When the line containing "Ganzglastür - Fotoprint" is found in the data below, give it again along with every later line, exactly; drop the pictures.

GIVEN INFORMATION:
........

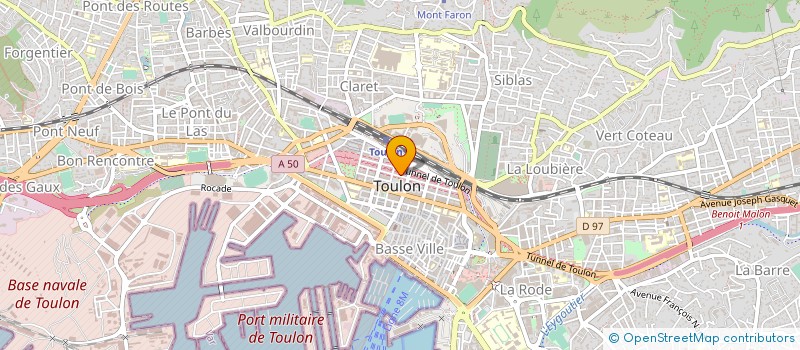 localisation de l'entreprise SYNERGIE VAR SOLIDARITE à TOULON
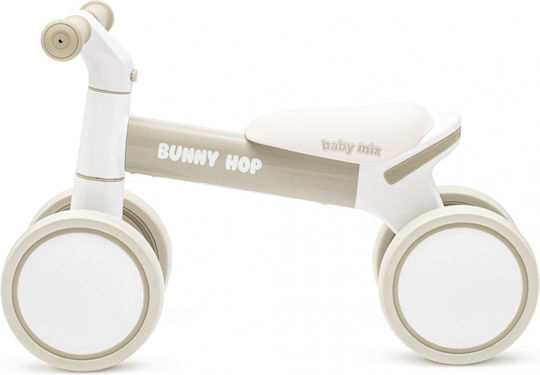 BabyMix Bunny Hop Езда На За 12+ Месечни Сив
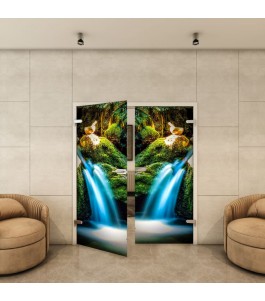 Ganzglastür - Fotoprint Model 311 für ein modernes Zuhause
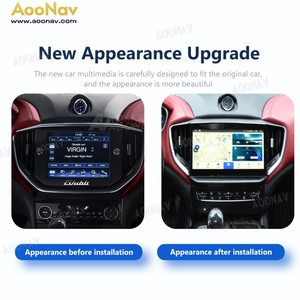 10.5 Inch <b>Car</b> Radio <b>for</b> Maserati Ghibli 2014-2017 Android Touch Screen GPS Multimedia Video Player Head Unit Wireless Carplay - Product Image 3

........

SOLUTION TO THIS EXERCISE:
 Ganzglastür - Fotoprint Model 311 für ein modernes Zuhause
 10.5 Inch <b>Car</b> Radio <b>for</b> Maserati Ghibli 2014-2017 Android Touch Screen GPS Multimedia Video Player Head Unit Wireless Carplay - Product Image 3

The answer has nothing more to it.